How long does copyright last?
The term of U.S. copyright for a particular work depends on several factors, including whether it has been published, and, if so, the date of first publication. As a general rule, for works created after January 1, 1978, copyright protection lasts for the life of the author plus an additional 70 years. For an anonymous work, a pseudonymous work, or a work made for hire, the copyright endures for a term of 95 years from the year of its first publication or a term of 120 years from the year of its creation, whichever expires first. For works first published prior to 1978, the term will vary depending on several factors.
To determine the length of copyright protection for a particular work, consult Chapter 3 of the Copyright Act (title 17 of the United States Code). More information on the term of copyright can be found in Circular 15a, Duration of Copyright, and Circular 1, Copyright Basics.
Cornell University has created an easy to read guide to Copyright Term and the Public Domain In the United States.
These copyright terms apply only to material published in the United States. Items published in other countries are likely to have different terms.
What is the public domain?
The public domain is made up of of works that are ineligible for copyright protection or have expired copyrights.

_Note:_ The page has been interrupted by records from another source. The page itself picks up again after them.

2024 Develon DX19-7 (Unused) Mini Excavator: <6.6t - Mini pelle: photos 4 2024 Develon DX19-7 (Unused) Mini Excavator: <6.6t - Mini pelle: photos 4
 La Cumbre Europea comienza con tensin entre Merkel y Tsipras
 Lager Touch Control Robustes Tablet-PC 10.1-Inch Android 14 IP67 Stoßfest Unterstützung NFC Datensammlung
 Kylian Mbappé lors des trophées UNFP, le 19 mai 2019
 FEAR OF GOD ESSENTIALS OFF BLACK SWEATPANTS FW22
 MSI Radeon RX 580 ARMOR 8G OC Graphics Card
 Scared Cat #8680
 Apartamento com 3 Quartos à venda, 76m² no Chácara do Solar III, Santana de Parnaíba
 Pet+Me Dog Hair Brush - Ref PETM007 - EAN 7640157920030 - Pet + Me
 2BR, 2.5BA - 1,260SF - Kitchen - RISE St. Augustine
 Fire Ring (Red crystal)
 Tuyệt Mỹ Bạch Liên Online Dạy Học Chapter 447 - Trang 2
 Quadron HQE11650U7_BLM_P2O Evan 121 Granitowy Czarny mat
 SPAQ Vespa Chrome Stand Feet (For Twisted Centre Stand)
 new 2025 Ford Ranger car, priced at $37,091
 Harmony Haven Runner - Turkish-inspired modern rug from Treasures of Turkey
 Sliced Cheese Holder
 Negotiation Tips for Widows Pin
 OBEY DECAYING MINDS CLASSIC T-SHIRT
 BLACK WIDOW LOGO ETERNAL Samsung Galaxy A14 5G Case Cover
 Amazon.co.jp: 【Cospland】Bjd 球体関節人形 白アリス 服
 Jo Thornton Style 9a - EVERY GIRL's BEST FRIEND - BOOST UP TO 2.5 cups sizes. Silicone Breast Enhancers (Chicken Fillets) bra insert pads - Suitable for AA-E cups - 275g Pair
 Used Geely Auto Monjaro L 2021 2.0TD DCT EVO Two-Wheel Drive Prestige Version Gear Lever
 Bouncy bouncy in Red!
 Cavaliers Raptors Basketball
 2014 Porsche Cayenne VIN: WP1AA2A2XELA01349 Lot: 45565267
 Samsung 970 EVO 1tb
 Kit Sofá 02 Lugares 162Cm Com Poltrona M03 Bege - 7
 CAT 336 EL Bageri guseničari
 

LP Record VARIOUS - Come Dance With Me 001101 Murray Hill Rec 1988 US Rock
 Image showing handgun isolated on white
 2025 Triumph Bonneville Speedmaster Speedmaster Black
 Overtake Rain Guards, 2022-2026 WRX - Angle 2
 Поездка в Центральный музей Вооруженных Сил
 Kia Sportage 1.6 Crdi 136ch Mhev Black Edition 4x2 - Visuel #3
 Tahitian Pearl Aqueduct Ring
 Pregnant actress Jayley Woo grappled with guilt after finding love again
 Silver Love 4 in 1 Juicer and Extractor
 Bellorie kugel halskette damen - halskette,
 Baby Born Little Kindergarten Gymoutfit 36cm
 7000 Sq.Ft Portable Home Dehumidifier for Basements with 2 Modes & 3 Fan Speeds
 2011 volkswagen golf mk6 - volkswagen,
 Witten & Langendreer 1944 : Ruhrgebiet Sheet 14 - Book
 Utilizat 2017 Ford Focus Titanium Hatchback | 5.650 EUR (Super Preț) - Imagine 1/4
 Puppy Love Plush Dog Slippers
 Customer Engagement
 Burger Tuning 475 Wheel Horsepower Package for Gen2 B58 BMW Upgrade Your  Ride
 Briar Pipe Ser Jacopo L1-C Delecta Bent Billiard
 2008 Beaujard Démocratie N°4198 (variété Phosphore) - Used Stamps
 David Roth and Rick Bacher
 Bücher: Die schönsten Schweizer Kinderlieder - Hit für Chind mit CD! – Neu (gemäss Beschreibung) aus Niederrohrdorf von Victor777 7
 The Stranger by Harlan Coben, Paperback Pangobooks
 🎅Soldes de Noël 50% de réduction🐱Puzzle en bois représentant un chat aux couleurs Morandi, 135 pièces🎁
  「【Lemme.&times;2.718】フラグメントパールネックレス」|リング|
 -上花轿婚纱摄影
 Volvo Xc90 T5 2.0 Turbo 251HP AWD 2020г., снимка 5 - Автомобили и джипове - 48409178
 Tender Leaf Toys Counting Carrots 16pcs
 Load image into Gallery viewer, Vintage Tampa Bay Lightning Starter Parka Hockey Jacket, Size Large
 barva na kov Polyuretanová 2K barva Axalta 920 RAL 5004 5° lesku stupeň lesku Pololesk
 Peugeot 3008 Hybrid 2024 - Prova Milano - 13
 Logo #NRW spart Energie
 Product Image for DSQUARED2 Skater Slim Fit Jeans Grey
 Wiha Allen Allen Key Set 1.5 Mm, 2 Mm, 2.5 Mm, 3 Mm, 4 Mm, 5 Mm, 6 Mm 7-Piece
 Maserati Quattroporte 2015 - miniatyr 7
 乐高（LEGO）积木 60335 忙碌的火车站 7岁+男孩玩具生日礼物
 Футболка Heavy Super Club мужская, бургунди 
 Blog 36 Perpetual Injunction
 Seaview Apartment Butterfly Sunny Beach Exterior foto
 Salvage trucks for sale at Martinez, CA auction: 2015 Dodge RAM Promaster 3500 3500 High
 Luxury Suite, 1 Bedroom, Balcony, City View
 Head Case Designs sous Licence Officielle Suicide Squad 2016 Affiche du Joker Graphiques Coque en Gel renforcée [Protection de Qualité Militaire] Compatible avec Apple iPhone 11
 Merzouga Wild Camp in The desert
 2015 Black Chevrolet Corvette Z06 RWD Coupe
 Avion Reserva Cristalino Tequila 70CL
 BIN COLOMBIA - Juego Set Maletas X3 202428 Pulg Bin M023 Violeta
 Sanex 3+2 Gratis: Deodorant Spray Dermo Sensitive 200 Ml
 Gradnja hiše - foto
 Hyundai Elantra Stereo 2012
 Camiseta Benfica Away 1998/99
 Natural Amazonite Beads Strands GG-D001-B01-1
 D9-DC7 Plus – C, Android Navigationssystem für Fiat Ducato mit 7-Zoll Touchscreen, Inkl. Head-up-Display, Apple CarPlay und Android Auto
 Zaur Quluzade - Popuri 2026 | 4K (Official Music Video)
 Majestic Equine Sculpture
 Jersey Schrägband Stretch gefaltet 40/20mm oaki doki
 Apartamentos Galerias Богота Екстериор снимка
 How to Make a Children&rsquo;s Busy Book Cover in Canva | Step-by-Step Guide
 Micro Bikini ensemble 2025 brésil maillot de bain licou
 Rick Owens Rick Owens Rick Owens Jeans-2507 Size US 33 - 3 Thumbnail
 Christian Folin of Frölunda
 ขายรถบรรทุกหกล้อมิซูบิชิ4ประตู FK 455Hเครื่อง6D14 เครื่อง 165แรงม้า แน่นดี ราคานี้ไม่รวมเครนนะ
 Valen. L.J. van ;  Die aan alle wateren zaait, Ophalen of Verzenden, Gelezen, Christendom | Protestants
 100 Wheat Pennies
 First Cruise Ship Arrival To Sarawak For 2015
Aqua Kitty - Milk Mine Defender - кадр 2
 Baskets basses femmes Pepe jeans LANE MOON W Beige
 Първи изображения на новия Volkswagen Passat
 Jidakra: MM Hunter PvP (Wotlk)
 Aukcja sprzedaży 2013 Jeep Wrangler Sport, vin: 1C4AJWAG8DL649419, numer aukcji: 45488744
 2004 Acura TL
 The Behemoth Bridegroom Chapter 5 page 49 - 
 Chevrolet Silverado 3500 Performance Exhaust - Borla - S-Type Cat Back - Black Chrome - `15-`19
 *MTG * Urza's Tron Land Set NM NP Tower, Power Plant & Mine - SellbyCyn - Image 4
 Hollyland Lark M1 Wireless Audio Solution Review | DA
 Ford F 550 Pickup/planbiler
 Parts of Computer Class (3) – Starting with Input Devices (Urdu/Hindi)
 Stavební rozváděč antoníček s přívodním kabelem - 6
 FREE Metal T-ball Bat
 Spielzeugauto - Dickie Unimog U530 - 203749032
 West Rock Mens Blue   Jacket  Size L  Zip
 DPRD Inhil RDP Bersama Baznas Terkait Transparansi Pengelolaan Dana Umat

No permissions are needed to copy or use public domain works.
- Some works, such as government documents, statistical techniques and judicial opinions are simply not eligible for copyright and so are always within the public domain.
- Works published in the United States prior to 1923 are in the public domain.
- Works published between 1923 and March 1989 are usually under copyright , but registrations and renewals were required. This means that some of these works may have entered the public domain.
- All works created (published and unpublished) in the United States after 1989 are under copyright and require permissions for use unless a specific non-assertion of copyright was made.
For a helpful resource on which materials are under copyright and which are in the public domain please consult Cornell University's Copyright Term and the Public Domain webpage.
What does copyright protect (or not)?
Copyright, a form of intellectual property law, protects original works of authorship including literary, dramatic, musical, and artistic works, such as poetry, novels, movies, songs, computer software, and architecture. Copyright does not protect facts, ideas, systems, or methods of operation, although it may protect the way these things are expressed.
How is copyright different from patents and trademarks?
Copyright protects original works of authorship, while a patent protects inventions or discoveries. Ideas and discoveries are not protected by the copyright law, although the way in which they are expressed may be. A trademark protects words, phrases, symbols, or designs identifying the source of the goods or services of one party and distinguishing them from those of others.
Who owns copyright?
Copyright is usually owned, at least initially, by the creator of a work and his or her heirs. The creator may transfer some or all of their rights to another person or entity, such as a publisher. This transfer of rights may be unconditional (an assignment) or for a limited period of time or set of conditions (licensed).
Works created by an employee as part of their job, usually called 'works for hire', may be owned by the employer. Depending on contractual arrangements works created under commision by an independent contractor may belong to the commisioning person or organization.
Works created by two or more creators may belong to them jointly.
What is the TEACH Act?
The TEACH Act provides a “safe harbor” against infringement for certain online educational transmission and exempts uses “in the course of face-to-face teaching activities…in a classroom or similar place devoted to instruction." The TEACH Act includes a series of requirements for educational use including
- materials used cannot have been produced or marketed primarily for use in distance education
- portions of dramatic works (e.g., plays and films) must be “reasonable and limited”
- access to content must, “to the extent technologically feasible,” be limited to students enrolled in the course
- technological protection measures (i.e., digital rights management (DRM)) should be used so that works displayed are only accessible during the class session and cannot be redistributed by students to others
- any DRM already used by rightsholders shouldn’t be tampered with.
There can be civil or criminal penalties for faculty, students or relevant staff. There also can be injunctions issued (i.e., court orders to stop doing an activity, like posting infringing materials.) In general, if someone is found guilty of infringing a copyright, the court can award statutory damages between $750 and $30,000 for each infringement of each work. If the court finds an infringement was willful, the court may increase the damages for each infringement to up to $150,000. If a court finds that an infringer was not aware and had no reason to believe that his or her acts constituted a copyright infringement, the court may reduce the damages to as low as $200 per infringement. Importantly, a court can refuse to award statutory damages at all when library personnel are making photocopies as part of their employment, and believed, and had reasonable grounds to believe, that the copying was a fair use. See 17 USC 504(c)(2)(i).